Functions

The Manifold query engine supports declaring and calling functions, including script functions, functions in external files and compiled functions as .NET assemblies.  This topic discusses declaring and calling functions.   For notes on functions built into the Manifold query engine, see the SQL Functions topic.  

 

The Manifold query engine allows declaring and calling functions within queries given the following basic characteristics:

 

 

In its simplest form a function is just a named expression. There can be many reasons for making an expression into a function but one of the most common reasons is to provide a descriptive name for some action.  Another common reason is to make sure we use the exact same formula or logic in different places in a query, to avoid keyboarding errors.  

 

If we need to use an expression several times in a query, giving it a simple, short name by declaring it as a function allows us to then utilize that expression without risk of errors introduced by slight variations in the expression we write.  Declaring a long expression as a function with a short name also can save a lot of keyboarding if we use that expression more than once in a query.

 

Query Functions

A query function is a function returning a table that can be either a table name, a table parameter, a CALL, or within parentheses a SELECT, EXECUTE or VALUES clause.   Some examples:

 

Example - a table name:

 

FUNCTION f() TABLE AS mfd_root END;

SELECT * FROM CALL f();

 

Example - a table parameter:

 

FUNCTION f(p TABLE) TABLE AS p END;

SELECT * FROM CALL f(mfd_meta);

 

Example - a CALL:

 

FUNCTION f() TABLE AS CALL ValueSequence(0, 10, 1) END;

SELECT * FROM CALL f();

 

Example - an EXECUTE clause within parentheses:

 

FUNCTION f() TABLE AS (EXECUTE CALL ValueSequence(0, 10, 2)) END;

SELECT * FROM CALL f();

 

Redefining Functions

Using the FUNCTION statement with the name of a previously defined function will redefine that function. The redefined function can have a different prototype from the previously defined one,   For example, we can redefine a function that takes no arguments and returns INT32 into a function that takes two NVARCHAR arguments and returns NVARCHAR.

 

Example: Declaration and use of a basic math function:

 

FUNCTION Square(x FLOAT64) FLOAT64 AS x * x END;

 

SELECT [result] AS [value], Square([result]) AS [square]

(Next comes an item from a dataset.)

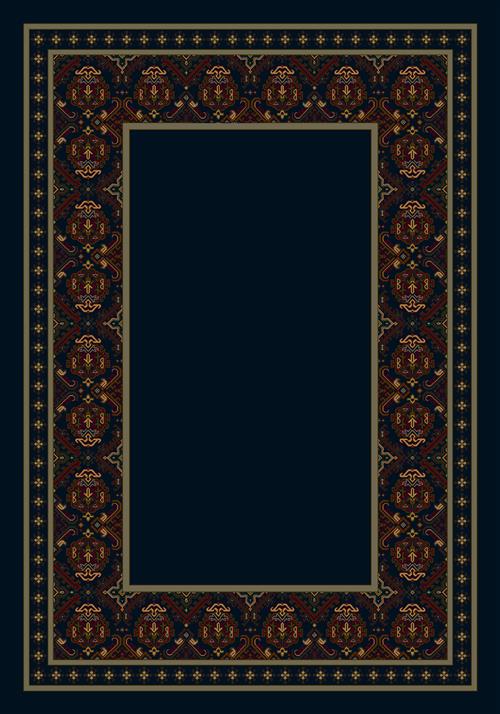 Turkoman-12006 Sapphire II in Sapphire Ii Area Rugs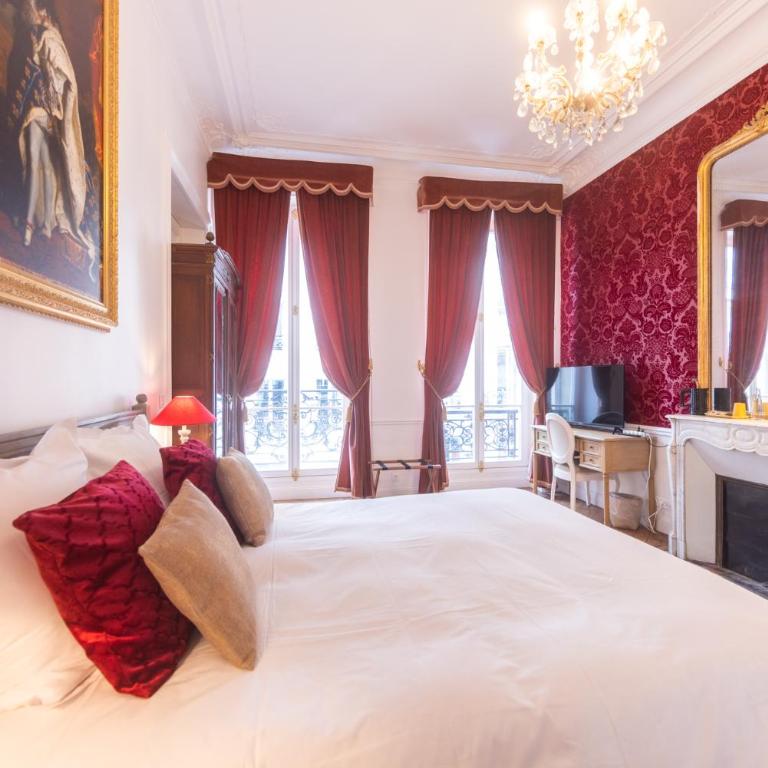 Maison de Lignières - Guest House - Paris quartier Champs-Elysées - Chambre Double Deluxe - 4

FROM CALL ValueSequence(0, 10, 1);

 

Example:  Using SQL Server Replicate:

 

This function repeats a character using SQL Server's Replicate function.   The parentheses around the EXECUTE statement convert a table returned by EXECUTE into a single value in that table):

 

FUNCTION Rep(x NVARCHAR, y INT32) NVARCHAR

AS (EXECUTE [[ SELECT Replicate(@p@, @q@) ]] ON [sql]

WITH (p=x, q=y)) END;

 

SELECT [result] AS [value], Rep('z', [result])

AS [rep] FROM CALL ValueSequence(0, 10, 1);

 

Example: A Function that Returns a Table:

 

The following displays a line from the mfd_root table where the value of the field mfd_id is 2.

 

FUNCTION f(p INT32) TABLE AS (SELECT * FROM mfd_root

WHERE mfd_id=p) END

 

EXECUTE CALL f(2);

 

To display the value of the field name from that line we can use  the statement:

 

SELECT name FROM CALL f(2);

 

Example: A Function that Takes a Table as a Parameter:

 

To display values from the field mfd_id in the mfd_root table:

 

FUNCTION f(p TABLE) TABLE AS

(SELECT mfd_id FROM p) END

EXECUTE CALL f(mfd_root);

 

To display values from the field mfd_id in the mfd_meta table we could use:

 

EXECUTE CALL f(mfd_meta);

 

Example:  Passing a table to a function:

 

FUNCTION f(t TABLE) NVARCHAR AS

(SELECT value FROM t WHERE property = 'Folder') END

SELECT name, f((COLLECT property, value))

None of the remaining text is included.